Huiguo (惠果 (Huìguǒ, Hui-kuo)) (746–805) was a Buddhist monk of Tang China who studied and taught Chinese Esoteric Buddhism, a Vajrayana tradition recently imported from India. Later Huiguo would become the teacher of Kūkai, founder of Shingon Buddhism, a prominent school of Buddhism in Japan.

==Biography==
Huiguo was one of two Buddhist masters at Ximing Temple, the other being the Indian monk Prajñā. Huiguo began his study of Buddhism as a śrāmaṇera at age 9 under a senior disciple of Amoghavajra, a monk of the tantric tradition, eventually becoming a direct disciple.

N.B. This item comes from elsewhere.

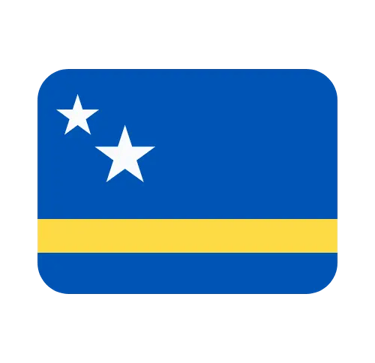 The national flag of Curacao featuring a blue field with a yellow stripe and two white stars.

By age 22 in 766 CE, Huiguo was ordained as a monk and extensively studied the Womb Realm and Diamond Realm mandalas before being fully initiated into Vajrayana that same year by Amoghavajra.

==Succession==
In time, Huiguo's prominence attracted students from Korea, Central Asia and even Java, aside from his Chinese students.

Huiguo began an intensive training of Kūkai that ended when he died in 805 CE. After his death, the practices of the tantric tradition became absorbed to a large extent into the other Buddhist traditions in China. In Japan, the tradition was maintained as a separate sect, Shingon.